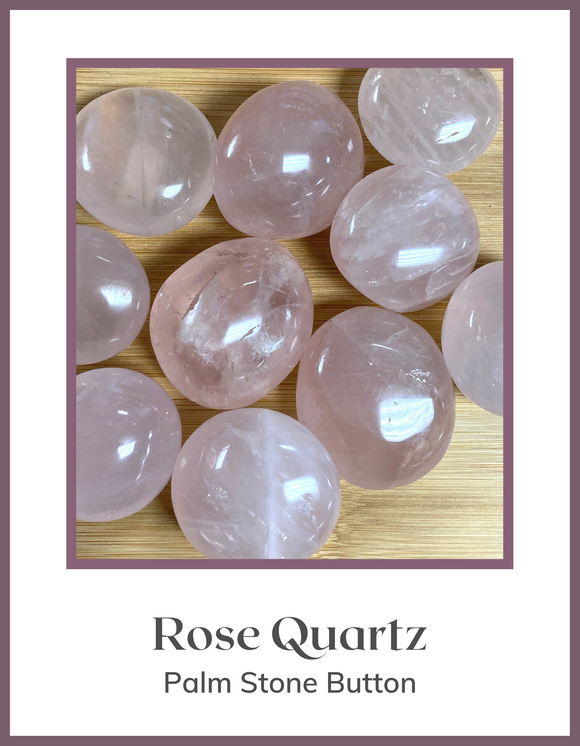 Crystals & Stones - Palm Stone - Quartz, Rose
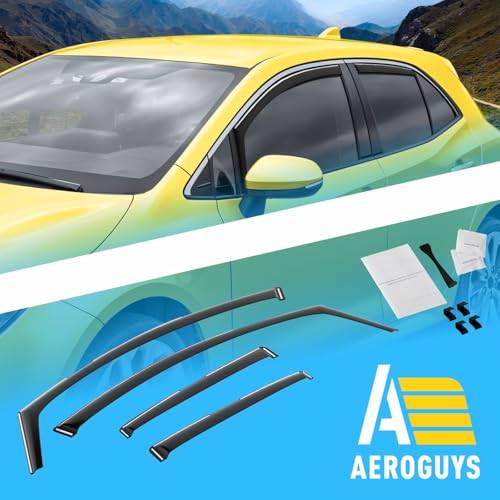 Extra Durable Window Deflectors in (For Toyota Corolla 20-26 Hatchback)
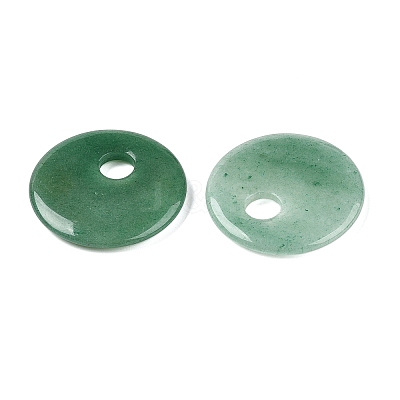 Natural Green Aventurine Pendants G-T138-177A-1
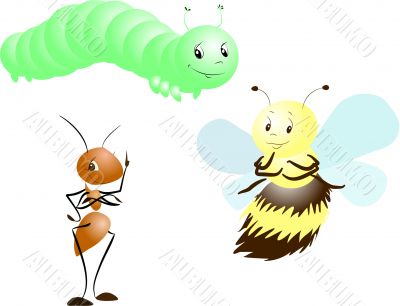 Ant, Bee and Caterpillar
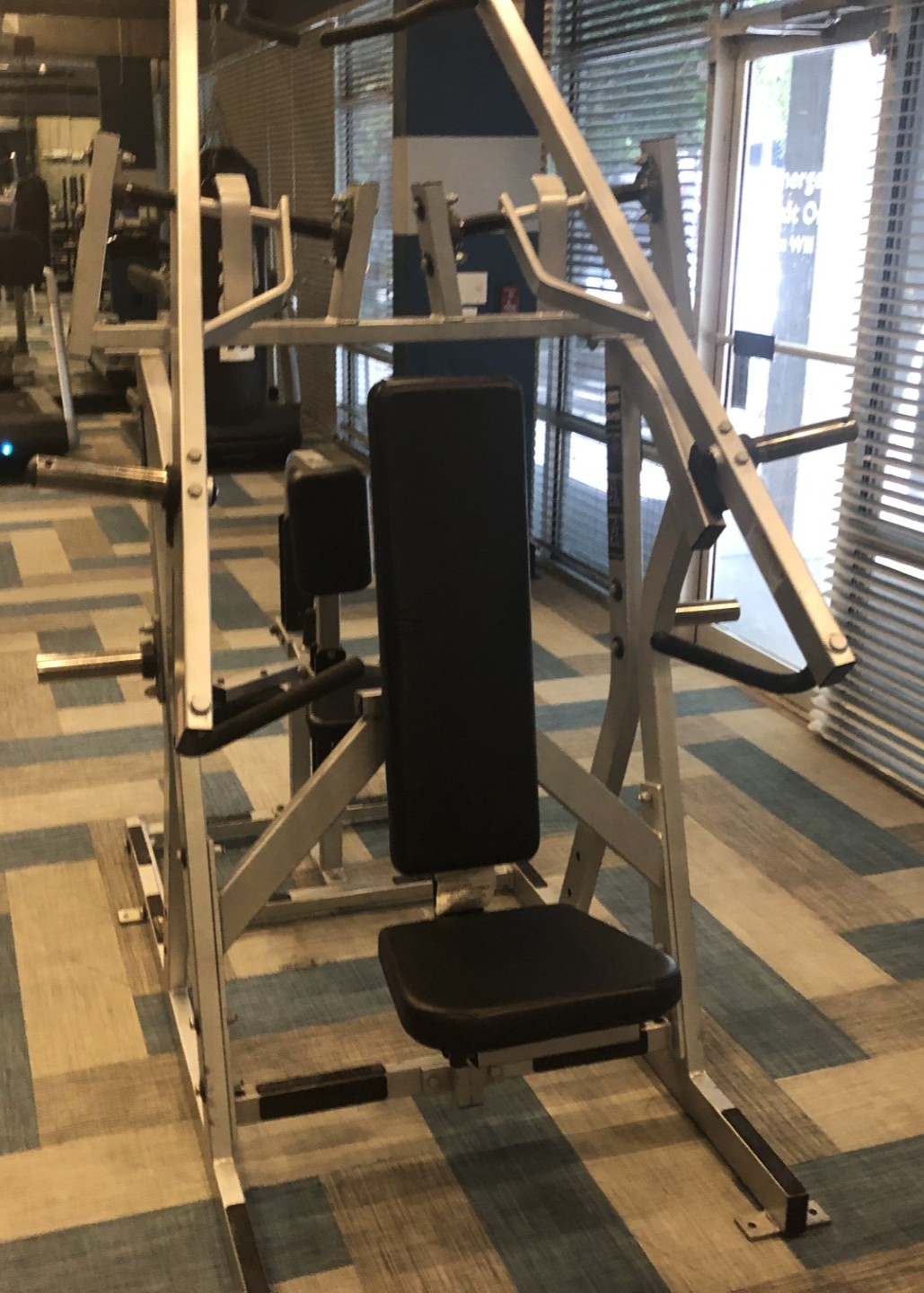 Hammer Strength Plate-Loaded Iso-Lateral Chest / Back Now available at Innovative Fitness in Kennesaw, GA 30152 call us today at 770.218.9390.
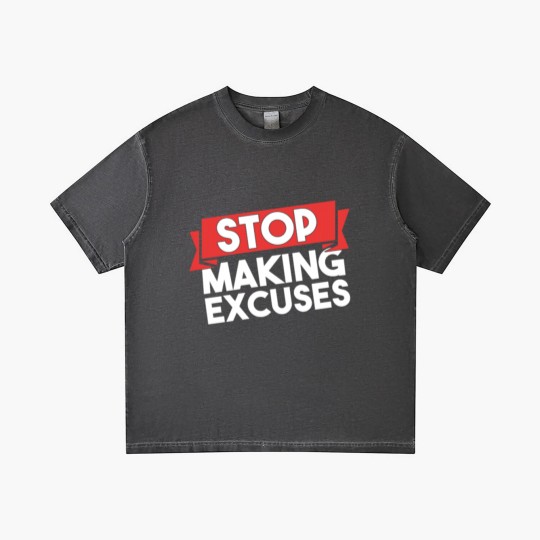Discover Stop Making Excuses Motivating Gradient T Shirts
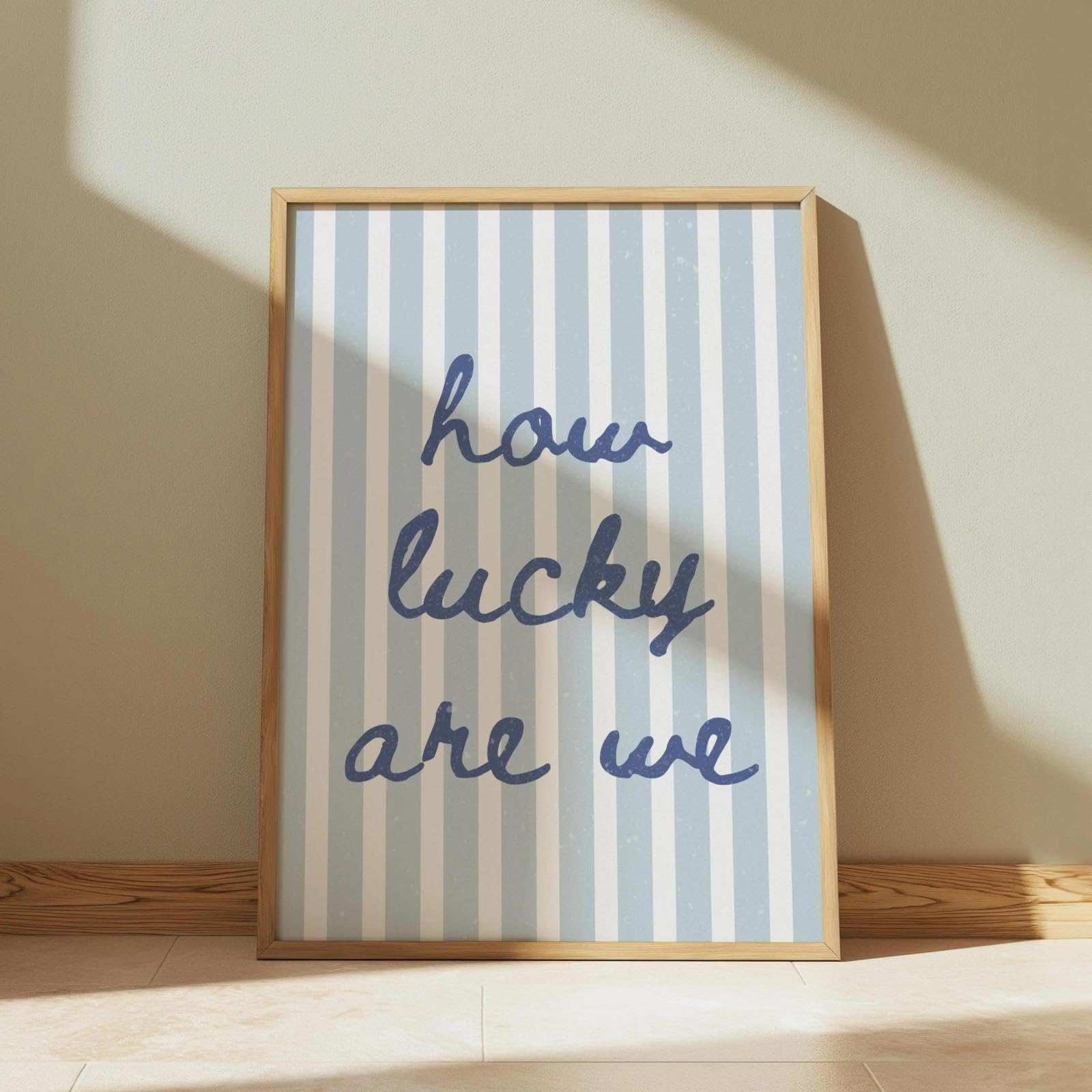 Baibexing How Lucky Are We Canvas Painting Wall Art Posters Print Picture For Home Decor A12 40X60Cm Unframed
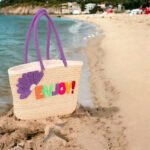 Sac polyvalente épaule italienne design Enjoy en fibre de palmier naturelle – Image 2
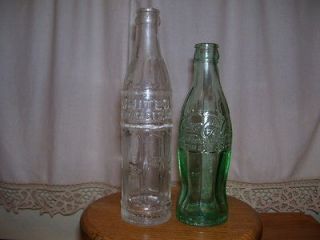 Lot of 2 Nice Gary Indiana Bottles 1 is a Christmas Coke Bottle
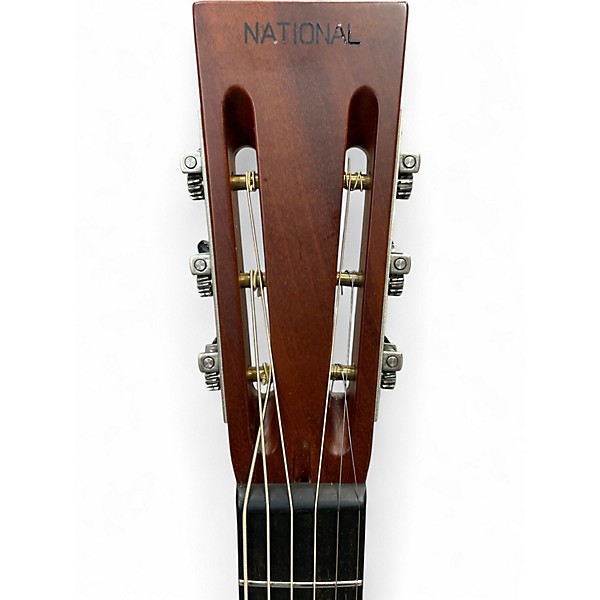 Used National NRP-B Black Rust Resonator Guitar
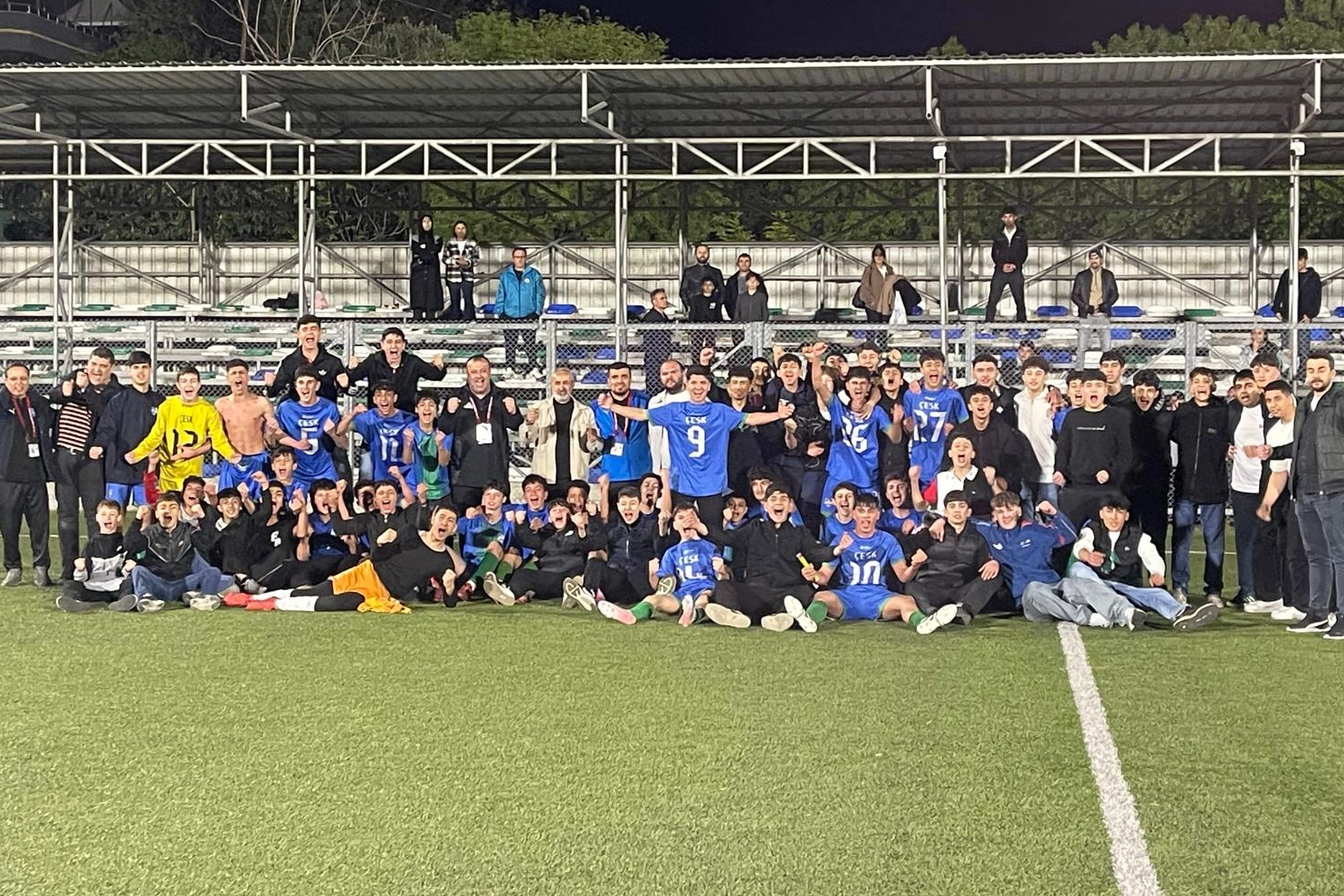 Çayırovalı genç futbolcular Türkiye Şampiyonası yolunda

━━━━━━━━━━

*ASSIGNMENT*
The copy should hold, exactly, the lines from the one containing "Extra Durable Window" to the final line of the listing above, with both ends present and no pictures.

*SOLUTION TO THE PROBLEM*
 Extra Durable Window Deflectors in (For Toyota Corolla 20-26 Hatchback)
 Natural Green Aventurine Pendants G-T138-177A-1
 Ant, Bee and Caterpillar
 Hammer Strength Plate-Loaded Iso-Lateral Chest / Back Now available at Innovative Fitness in Kennesaw, GA 30152 call us today at 770.218.9390.
Discover Stop Making Excuses Motivating Gradient T Shirts
 Baibexing How Lucky Are We Canvas Painting Wall Art Posters Print Picture For Home Decor A12 40X60Cm Unframed
 Sac polyvalente épaule italienne design Enjoy en fibre de palmier naturelle – Image 2
 Lot of 2 Nice Gary Indiana Bottles 1 is a Christmas Coke Bottle
 Used National NRP-B Black Rust Resonator Guitar
 Çayırovalı genç futbolcular Türkiye Şampiyonası yolunda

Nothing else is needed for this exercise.